En la operación del sistema, Mendoza Norte funcionará como nodo de transferencia: recibirá energía en 220 kV, la transformará a 132 kV y 13,2 kV y la redistribuye hacia la red existente, incorporando capacidad de transporte y transformación para consumos industriales continuos.
PSJ y el acceso a potencia firme
Ese rol adquiere relevancia directa para PSJ. Tras la aprobación de la Declaración de Impacto Ambiental, el proyecto firmó un acuerdo técnico con Distrocuyo S.A. para definir su acceso energético. El esquema contempla la construcción de una estación transformadora San Jorge en nivel 220/33 kV como punto de entrega en tensión media para abastecer la demanda local y el consumo de la futura planta de proceso, junto con una Línea de Alta Tensión de 220 kV que conectará esa infraestructura directamente con la ET Mendoza Norte, integrando al emprendimiento al anillo central del sistema eléctrico provincial.
El acuerdo incluye estudios eléctricos, evaluación de alternativas técnicas, definición de trazas, gestión de permisos y tramitación de accesos al sistema de transporte. En esta etapa se trabaja sobre ingeniería conceptual: caracterización de la demanda del proyecto, identificación de puntos de interconexión, niveles de tensión y localización preliminar de infraestructura. El objetivo es asegurar calidad, estabilidad y capacidad suficientes para una operación a cielo abierto con planta concentradora, un esquema que requiere suministro continuo para circuitos de trituración, molienda y flotación.
Desde una mirada operativa, el vínculo PSJ–Mendoza Norte resume el corazón del modelo: un proyecto de cobre que se conecta en 220 kV a un nodo provincial de alta capacidad, con transformación posterior a 33 kV para distribución interna. Esa arquitectura permite pasar de soluciones transitorias -generación propia o esquemas híbridos- a abastecimiento estable desde red, condición necesaria para viabilizar instalaciones permanentes y estimar con mayor precisión los costos energéticos de la operación.
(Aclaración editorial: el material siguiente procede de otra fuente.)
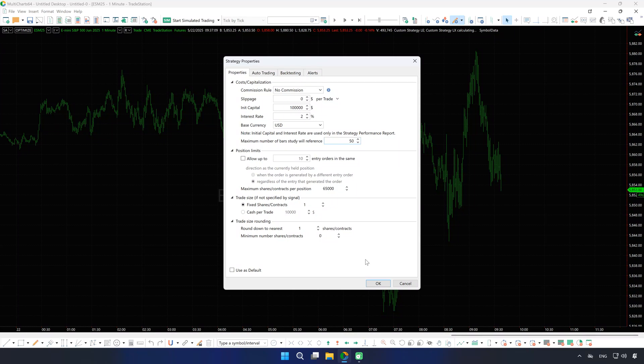If Max Bars Back is set correctly, but no orders appear, check your trade size in the strategy properties, or directly in your script to ensure it's adequate.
FOPIATZAD y el financiamiento de obras estratégicas
La licitación de Mendoza Norte se canaliza a través del FOPIATZAD, el Fondo Fiduciario del Plan de Infraestructura Eléctrica de Alta Tensión, Zonas Aisladas y Zonas a Desarrollar. Se trata del instrumento provincial creado para financiar y contratar obras eléctricas estratégicas que fortalecen la red de alta tensión, corrigen vulnerabilidades del sistema y habilitan la conexión de áreas con potencial productivo. El fideicomiso actúa como plataforma de licitación y ejecución de estaciones transformadoras y líneas asociadas, concentrando proyectos que, por su escala o impacto sistémico, exceden la operatoria habitual de las distribuidoras.
A este componente energético se suma otro factor estructural identificado en el diagnóstico nacional de infraestructura: el corredor bioceánico. En ese marco, se anunció la próxima licitación de un tramo de la Ruta Nacional 7 hacia el Paso Internacional Cristo Redentor. Aunque se trata de una obra vial, su articulación con la red eléctrica responde a la misma lógica de infraestructura habilitante: energía de alta tensión para producir y conectividad de escala para movilizar esa producción.
En conjunto, la ET Mendoza Norte con su red asociada en 220 y 132 kV, el esquema definido para PSJ mediante una estación 220/33 kV y una LAT 220 kV dedicada, y las necesidades estructurales de Potasio Río Colorado configuran un mismo eje técnico. Sin expansión del sistema eléctrico, los proyectos quedan limitados a fases tempranas. La estación hoy en licitación aparece así como una base energética común, determinante para el futuro productivo de Mendoza y, en lo inmediato, como el nodo sobre el que PSJ construye su acceso a potencia firme.